PROMPT: Write out each line of the listing as it stands, without the images.

RECORDS:
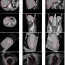 Constrained Marginal Space Learning for Efficient 3D Anatomical Structure Detection in Medical Images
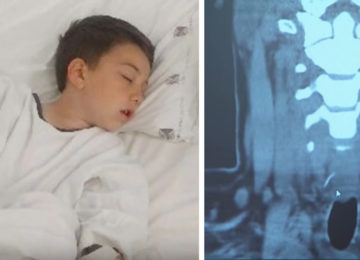 הילד הזה סבל מכאב נוראי בבטן אחרי שאכל המבורגר – בבית החולים הם גילו את הסיבה המזעזעת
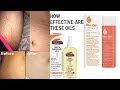 How to get rid of stretch marks #bio oil stretch marks,#reaction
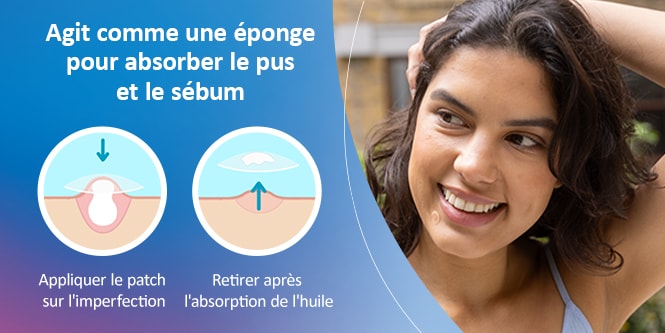 Schéma de l’action du patch anti-acné Nexcare™, qui absorbe le sébum des pores obstrués.
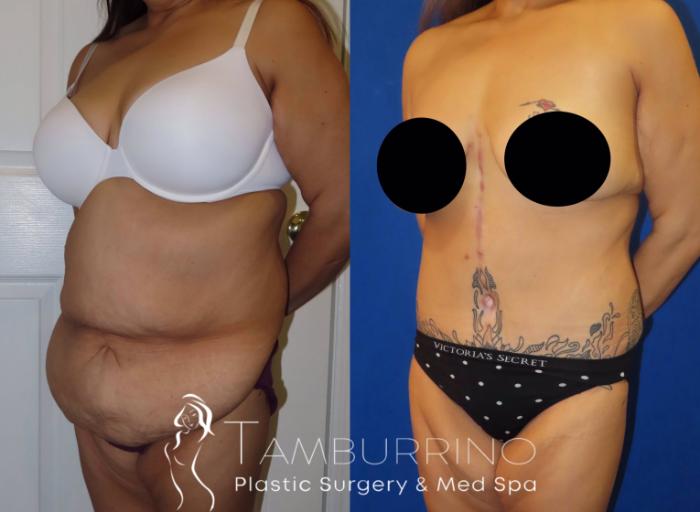 Before & After Body Contouring Case 37 Left Oblique View in Doylestown, PA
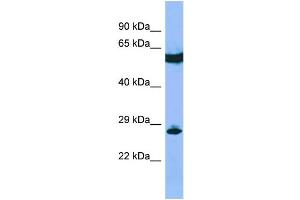Host: Rabbit Target Name: C22orf13 Sample Type: RPMI-8226 Whole Cell lysates Antibody Dilution: 1.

EXERCISE SOLUTION:
 Constrained Marginal Space Learning for Efficient 3D Anatomical Structure Detection in Medical Images
 הילד הזה סבל מכאב נוראי בבטן אחרי שאכל המבורגר – בבית החולים הם גילו את הסיבה המזעזעת
 How to get rid of stretch marks #bio oil stretch marks,#reaction
 Schéma de l’action du patch anti-acné Nexcare™, qui absorbe le sébum des pores obstrués.
 Before & After Body Contouring Case 37 Left Oblique View in Doylestown, PA
Host: Rabbit Target Name: C22orf13 Sample Type: RPMI-8226 Whole Cell lysates Antibody Dilution: 1.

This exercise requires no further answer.